**Action item**
Whatever runs from the line with "Editable Detective Badge" to the end of the records below must be copied exactly, with nothing else included.

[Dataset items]
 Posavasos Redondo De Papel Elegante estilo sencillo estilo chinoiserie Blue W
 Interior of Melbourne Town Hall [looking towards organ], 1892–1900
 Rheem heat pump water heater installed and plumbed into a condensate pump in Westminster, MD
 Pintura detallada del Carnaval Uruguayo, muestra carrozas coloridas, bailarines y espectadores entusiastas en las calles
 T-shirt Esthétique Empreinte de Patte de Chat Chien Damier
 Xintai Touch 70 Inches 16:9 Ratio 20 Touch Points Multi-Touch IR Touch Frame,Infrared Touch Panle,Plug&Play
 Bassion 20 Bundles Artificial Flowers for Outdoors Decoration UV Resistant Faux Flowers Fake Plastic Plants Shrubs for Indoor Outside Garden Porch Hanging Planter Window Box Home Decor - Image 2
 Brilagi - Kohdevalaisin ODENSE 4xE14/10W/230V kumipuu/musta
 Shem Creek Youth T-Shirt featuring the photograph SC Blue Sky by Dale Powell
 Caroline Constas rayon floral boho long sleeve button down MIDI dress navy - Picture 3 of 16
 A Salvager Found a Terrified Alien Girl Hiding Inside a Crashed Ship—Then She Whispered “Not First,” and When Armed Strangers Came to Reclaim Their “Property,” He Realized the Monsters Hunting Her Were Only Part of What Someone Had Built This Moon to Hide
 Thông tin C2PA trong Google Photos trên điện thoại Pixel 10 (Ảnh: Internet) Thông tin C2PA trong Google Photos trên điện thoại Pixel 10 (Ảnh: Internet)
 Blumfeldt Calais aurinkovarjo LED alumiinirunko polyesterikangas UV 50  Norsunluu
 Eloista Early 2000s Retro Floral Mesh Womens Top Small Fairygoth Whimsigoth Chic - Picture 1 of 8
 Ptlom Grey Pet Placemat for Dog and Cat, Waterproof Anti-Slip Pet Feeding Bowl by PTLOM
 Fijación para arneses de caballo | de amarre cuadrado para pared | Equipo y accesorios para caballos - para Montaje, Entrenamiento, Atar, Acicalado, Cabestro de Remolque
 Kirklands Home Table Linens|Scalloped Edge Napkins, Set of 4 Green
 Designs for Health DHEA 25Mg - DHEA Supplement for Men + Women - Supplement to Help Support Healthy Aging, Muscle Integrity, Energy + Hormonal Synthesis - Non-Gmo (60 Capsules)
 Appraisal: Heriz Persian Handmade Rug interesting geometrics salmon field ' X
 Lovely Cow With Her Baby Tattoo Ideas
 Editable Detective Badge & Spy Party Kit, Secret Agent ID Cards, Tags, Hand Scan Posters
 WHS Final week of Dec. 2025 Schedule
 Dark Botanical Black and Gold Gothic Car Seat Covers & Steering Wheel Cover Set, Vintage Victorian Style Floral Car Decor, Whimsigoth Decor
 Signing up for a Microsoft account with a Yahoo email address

**Your response**
 Editable Detective Badge & Spy Party Kit, Secret Agent ID Cards, Tags, Hand Scan Posters
 WHS Final week of Dec. 2025 Schedule
 Dark Botanical Black and Gold Gothic Car Seat Covers & Steering Wheel Cover Set, Vintage Victorian Style Floral Car Decor, Whimsigoth Decor
 Signing up for a Microsoft account with a Yahoo email address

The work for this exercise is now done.